As I chugged away at it, I started running into more and more problems. Lining the camera up with the player, keeping the player himself oriented correctly, orienting the player's bounding boxes, adjusting all the in-game vectors (throwing TNT "up" isn't so easy any more, and all the movement keys need re-working).

It was getting more and more difficult, and the more I dug at it the more often small "gotchas" would spring up. It really started to get on my nerves, and I was having a lot of trouble staying focused on the whole project because of it.

Tonight as I lay in bed around 1AM, I couldn't stop thinking about it. I decided to get up and do something about it. I spent an hour or two looking at all the code, taking stock of all the work - and then took a step back and said, "wait a minute."

"Is this feature even any good? Will it improve gameplay at all?"

I couldn't wrangle a "yes" out of that. It's a feature that's kind of neat on a technology scale, but as many things as it would make "cool", it would make other things impossible. For example, a few people have made levels where you are "on a train" that is colliding with the wall at a rapid speed. I don't have any moving parts in the game though - the movement is simply the gravity vector pointing a little more sideways than is normal, and the "train" is actually just "falling" downhill. If I rotate the screen to match gravity - it ruins the illusion and makes the control mechanism (hopping around on the train while it moves) impossible.

I was thinking I'd eventually have switches in-game, that would allow you to rotate gravity at will. Again, kind of neat - but I don't think it really fits this game too well.

So I walked away from the feature. I gave it two big middle fingers as I reverted back to an earlier fork.

In the hour since that reversion, I made a dozen changes and added some new features, uploaded a new version to the site, and made a few blog/forum posts about it.

I've gotten more done in the last hour than I have in the last month.

Anyway, build 24 is live on the Protonaut site if you want to check it out. New stuff in a nutshell:
  • The level editor now has cursors that indicate the current drawing mode.
  • TNT has been pretty much transformed into something not-TNT-like. It still asplodes, but with hardly enough force to move an ant. I might make them simply "fade out" eventually instead of exploding. It detonates after 5 seconds.
  • Nitrogen (as everyone knows) is unstable and will explode upon touch (in the fictitional microbial world of Protonaut, based on authentic Xiuuzn Universe Physics and Chemistry). I think this might be a big key to more-fun-gameplay, as it adds a direct-death challenge to the player.
  • Nitrogen still has to be collected/destroyed, though, so just hopping over them all won't work...
  • But "TNT" (or whatever it is now) can set off the Nitrogen for you. :) Hucking things around is now a required game mechanic! (if there is nitrogen in a given level, that is)
  • Some display glitches resolved, level name now appears, and included some network error catching for level loading.

Friday, July 3, 2009

Still Working!

Nope, the project isn't dying. Just having some technical problems on the code end.

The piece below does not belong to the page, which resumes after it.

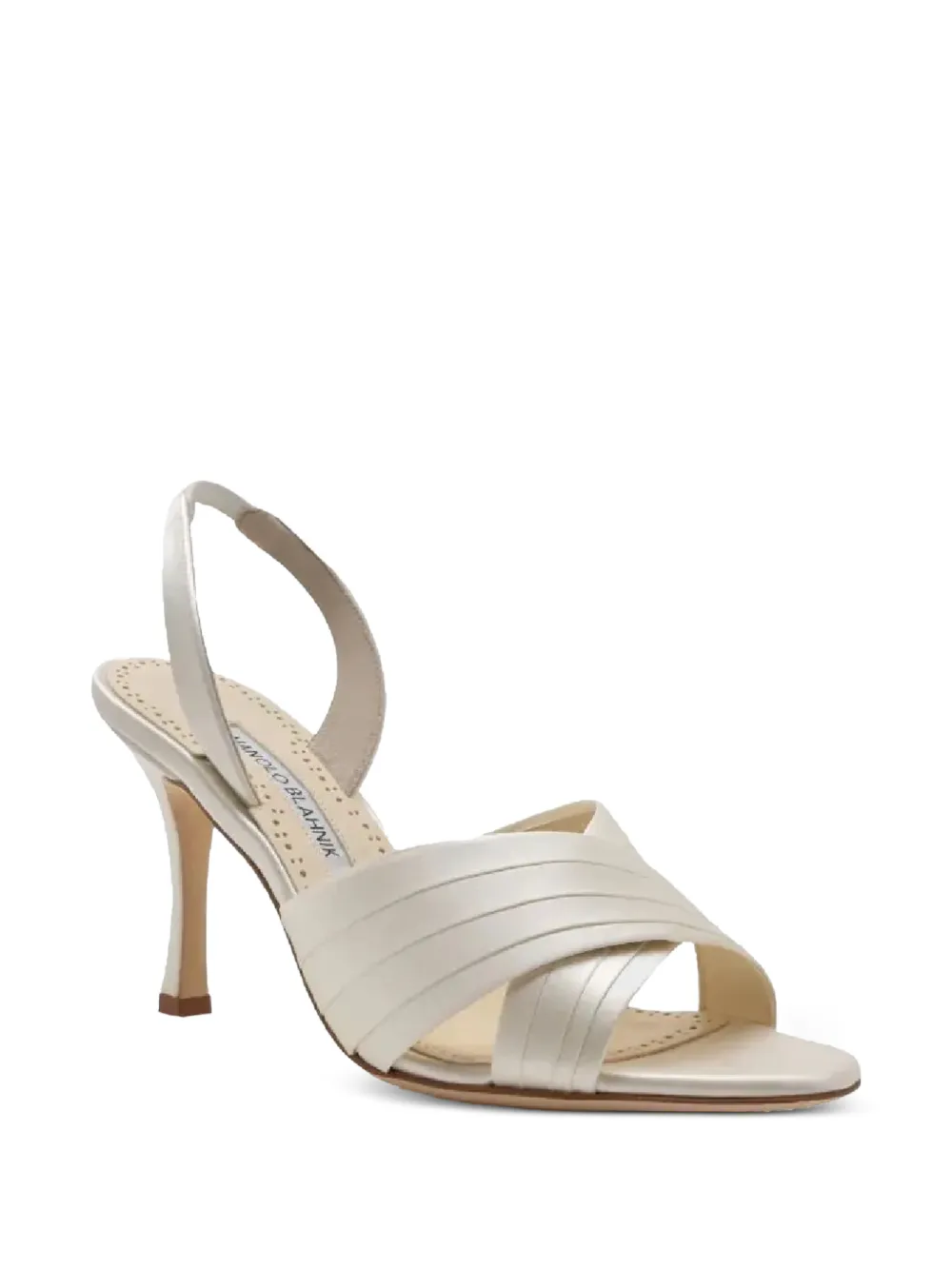 Manolo Blahnik Vierasan pleated satin sandals Beige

For the last week I've been off-and-on struggling with how to best handle the "camera" of the game. Some (currently unpublished) changes to the gameplay have made some more dramatic alterations to the camera a requirement - I'm struggling with both selecting the optimal strategy, and executing it.

Once I settle on something it'll roll out fast enough.

It looks like I'll be attending GDC Austin in September! Colin got a speaking gig at the Indie Games Track which is really cool. There's a strong Fantastic Contraption following out there so I'm going to see about having a quick meet and greet or something.